Indeks literasi keuangan Indonesia tahun 2016 mencapai angka 29,66 persen. Meningkat 7,82 persen dibanding tahun 2013. Meski demikian, angka tersebut masih tergolong rendah. Hanya sekitar 29,66 persen dari total jumlah penduduk Indonesia yang paham tentang lembaga, produk dan jasa keuangan.
Rendahnya literasi keuangan bisa dilihat dari kasus investasi illegal. Selama 2013-2017, anggota dari lima lembaga investasi ilegal mengalami kerugian setidaknya Rp 14,45 triliun.

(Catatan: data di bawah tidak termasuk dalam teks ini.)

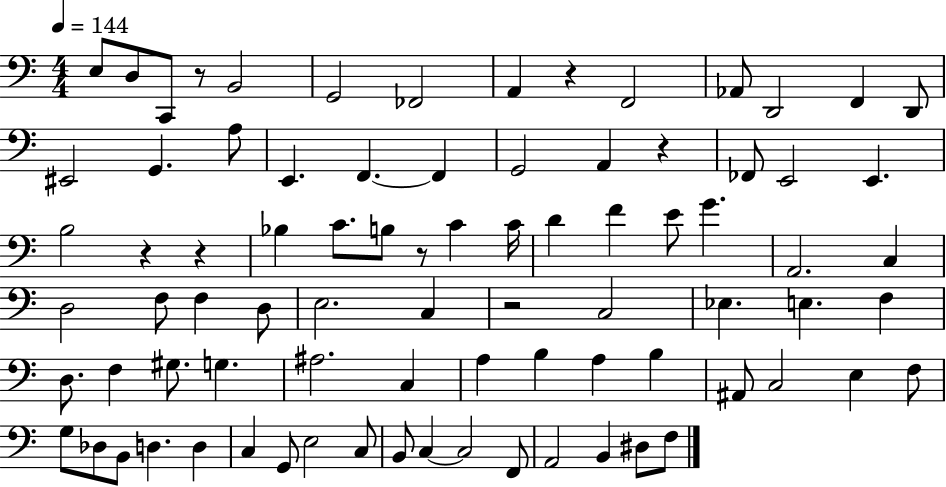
{
  \clef bass
  \numericTimeSignature
  \time 4/4
  \key c \major
  \tempo 4 = 144
  \repeat volta 2 { e8 d8 c,8 r8 b,2 | g,2 fes,2 | a,4 r4 f,2 | aes,8 d,2 f,4 d,8 | \break eis,2 g,4. a8 | e,4. f,4.~~ f,4 | g,2 a,4 r4 | fes,8 e,2 e,4. | \break b2 r4 r4 | bes4 c'8. b8 r8 c'4 c'16 | d'4 f'4 e'8 g'4. | a,2. c4 | \break d2 f8 f4 d8 | e2. c4 | r2 c2 | ees4. e4. f4 | \break d8. f4 gis8. g4. | ais2. c4 | a4 b4 a4 b4 | ais,8 c2 e4 f8 | \break g8 des8 b,8 d4. d4 | c4 g,8 e2 c8 | b,8 c4~~ c2 f,8 | a,2 b,4 dis8 f8 | \break } \bar "|."
}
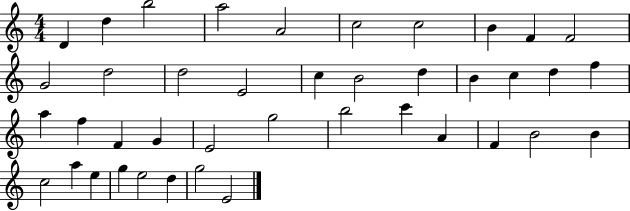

Kelima lembaga tersebut yaitu First Travel, Dream for Freedom, Pandawa Group, Koperasi Cipaganti, dan PT Primaz.
Pemerintah Indonesia kemudian membuat Strategi Nasional Literasi Keuangan Indonesia (SNLKI) pada tahun 2017. Tujuannya, meningkatkan kesadaran individu tentang pentingnya jasa keuangan. Sebab, pengetahuan terkait lembaga, produk dan jasa keuangan akan meningkatkan kualitas pengambilan keputusan dan pengelolaan keuangan.
SNLKI dijabarkan lebih detil melalui tiga strategi nasional. Pertama, meningkatkan kesadaran dan pemahaman masyarakat. Kedua, mendorong masyarakat memiliki tujuan dan perencanaan keuangan. Ketiga, memperluas dan mempermudah akses keuangan. Tiga strategi ini juga sebagai upaya pemerintah menaikkan literasi keuangan Indonesia menjadi 35 persen di tahun 2019.